Ryan Pace is in a difficult position as he enters the 2020 NFL draft.
Not because he’ll be making the picks in his pajamas, but because the team has several directions it could go and he can’t afford to get it wrong. This is make-or-break for Pace. He has built 90% of a Super Bowl roster, but has to overcome his biggest miss, the quarterback. After a disappointing 8-8 season in 2019, the Bears have plugged some holes, but simply need more actual difference makers.
With that in mind, the focus of the draft has to be finding impact players. While drafting for the future is a nice luxury, Pace can’t afford to worry about 2021 until it comes. He has to win in 2020 or the picks he makes for the future won’t matter.
With that thought, I put myself in Pace’s shoes. Having two top-50 picks gives the team ammunition to add two impact players. The problem, of course, is that they aren’t scheduled to pick again until the fifth round. They have serious needs at cornerback, wide receiver, right guard and safety. (One could add quarterback to that too, but the Bears seem intent on riding with the winner of the competition between Nick Foles and Mitch Trubisky.)
Ideally, the Bears would get two sure starters — or favorites to start — and a third player who is at least in competition for a starting job. In the later rounds, they can look for depth and fill holes at offensive tackle, tight end, defensive line and elsewhere.

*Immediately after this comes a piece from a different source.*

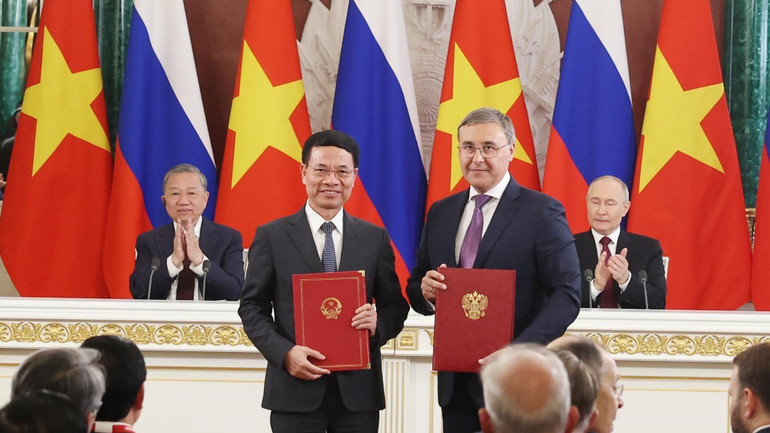 Tổng Bí thư Tô Lâm và Tổng thống Vladimir Putin chứng kiến trao Thỏa thuận giữa 2 Bộ Khoa học và Công nghệ về hợp tác cùng tuyển chọn các đề tài, dự án nghiên cứu khoa học và công nghệ Việt-Nga. (Ảnh: Thống Nhất/TTXVN)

In order to more accurately file a mock draft for the Bears, I used the help of the mock draft simulator from Pro Football Focus. I went into the second round targeting a pool of players with the hopes that I could move back and come away with three of them.
That group included:
WR: Brandon Aiyuk, Denzel Mims, Jalen Reagor and KJ Hamler
OL: Josh Jones, Isaiah Wilson, Robert Hunt and Lloyd Cushenberry
CB: Trevon Diggs, Jaylon Johnson, A.J. Terrell and Reggie Robinson
S: Jeremy Chinn, Kyle Dugger, Grant Delpit or Antoine Winfield.
Here is how it played out:
Pick 43: Trade with Tampa Bay
Bears receive Picks 45 and 117
Bucs receive: Picks 43 and 196
Note: By moving back, however, the Bears missed top remaining cornerback prospect Jaylon Johnson, Utah.
Pick 45: K.J. Hamler, WR, Penn State
Hamler was one of the few remaining players out of my initial pool that was still available. With sub-4.3 speed, he’ll immediately move into the role previously played by Taylor Gabriel. Hands are the question with Hamler, which have some comparing him to Tedd Ginn Jr., not Tyreek Hill like the Bears would hope. But, his speed is so rare, the big plays will make up for the drops.